The 20-year veteran no-tiller from Brownsburg, Ind., recently shared some valuable strategies for no-till success at the 2011 National No-Tillage Conference.
Maloney tests half of his 3,000 no-till acres each year. Samples are taken based on soil type or management zones and are geo-referenced so he can return to the same spot and monitor nutrient trends. Grid sampling doesn’t add up for him because soil fertility doesn’t happen in squares.
“Everything we do on our farm rotates around soil tests,” Maloney says. “They have to be accurate.”
Accuracy also includes making sure his lab uses the correct procedures. He prefers the original ammonium-acetate method for measurement of base saturation of soil nutrients, rather than the Mehlich method.

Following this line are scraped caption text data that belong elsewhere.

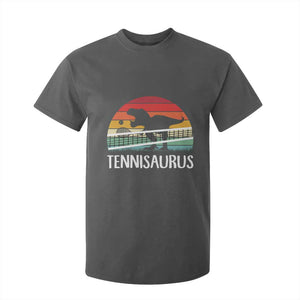 Funny Dinosaur Tennis Player Gift T Shirt For Kid Tennisaurus TS12 Dark Heather Print Your Wear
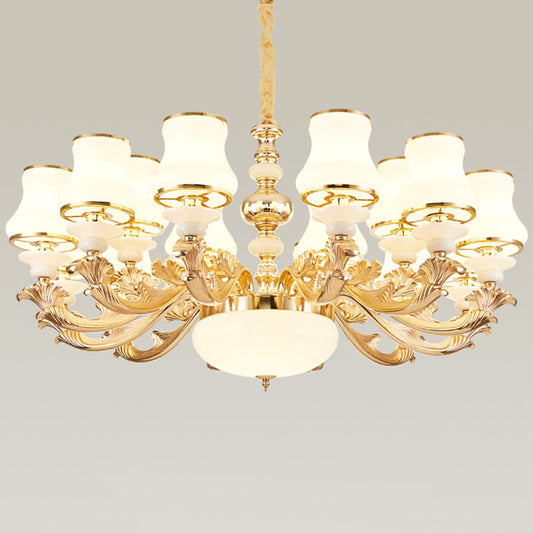 Nordic Flared Chandelier Lamp Milky Glass Living Room Hanging Ceiling Light in Gold 18 Gold Clearhalo 'Ceiling Lights' 'Chandeliers' 'Modern Chandeliers' 'Modern' Lighting' 2030396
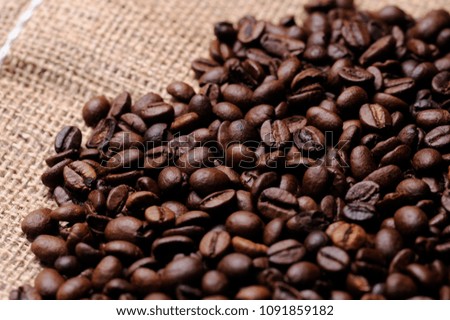 Coffee beans on jute.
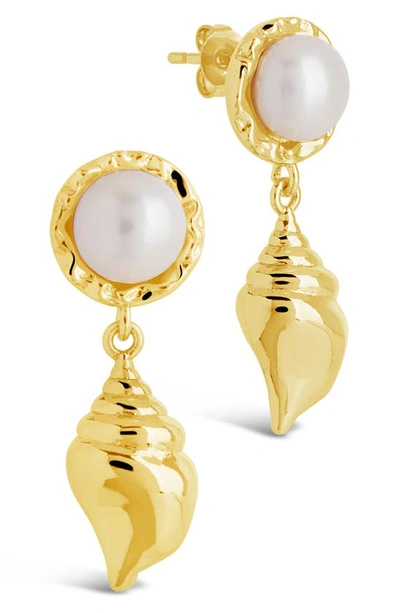 Sterling Forever Beverly Pearl Drop Earrings In Gold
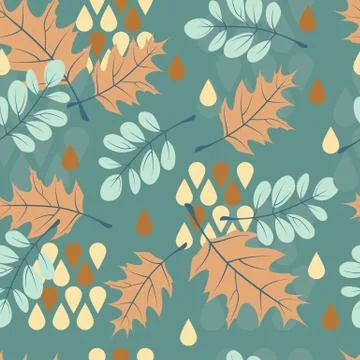 Abstract seamless pattern of falling leaves of different shapes. Stock Illustration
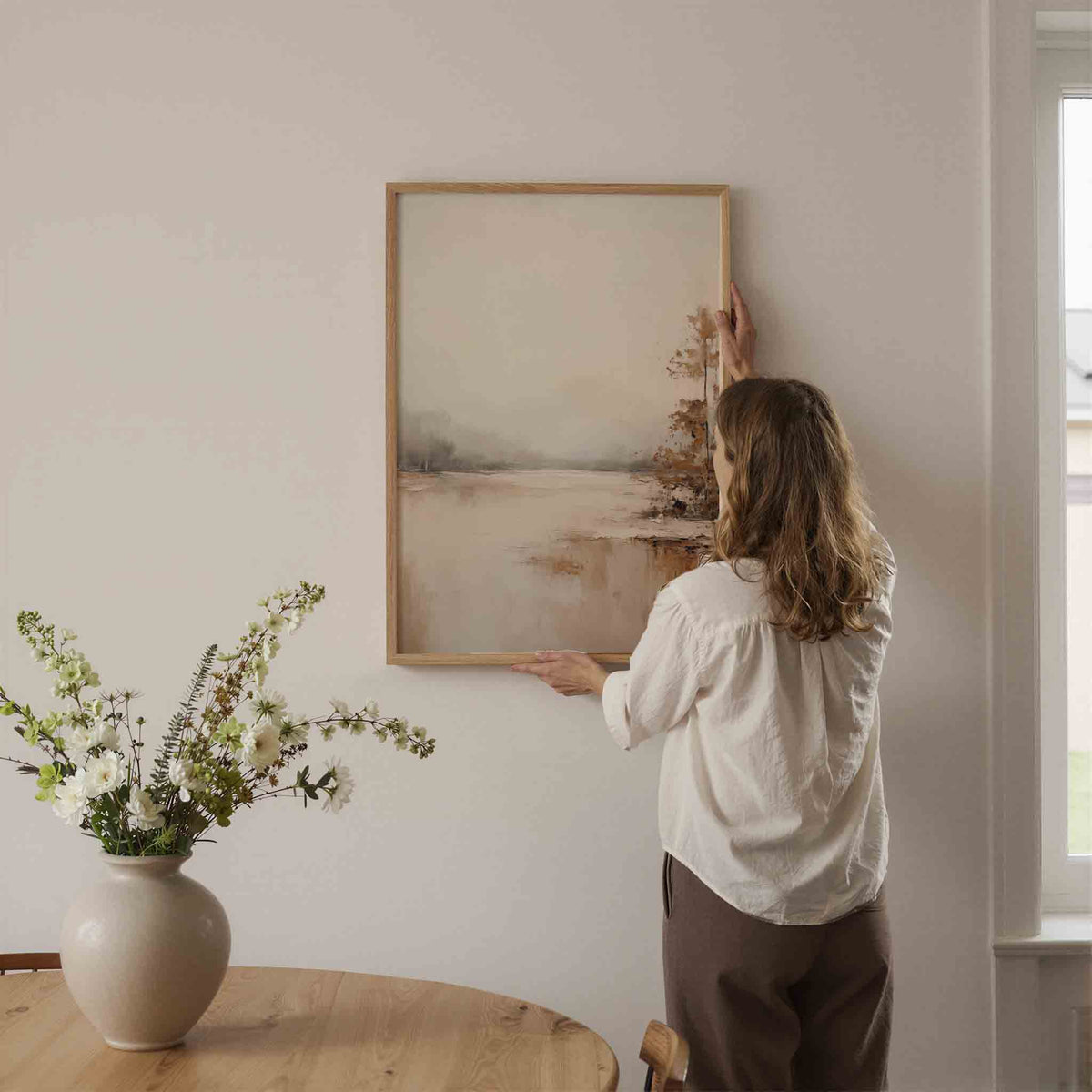 Landschap met bomen – botanische wandkunst als portret poster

Soil testing, he adds, is a job best done by the no-tiller.
“Your co-op or fertilizer company won’t tell you if compaction made it difficult to take samples, and they’re likely to take one soil sample in an 80-acre field and tell you it needs 600 pounds of fertilizer,” he says. “We need to think for ourselves.”
Taking over new farms often means mending years of soil abuse. Maloney once acquired 1,500 acres that was moldboard plowed and disced for 20 years.
“The compaction was so severe that it took me years of high-horsepower and a lot of iron before I felt comfortable no-tilling it,” he recalls.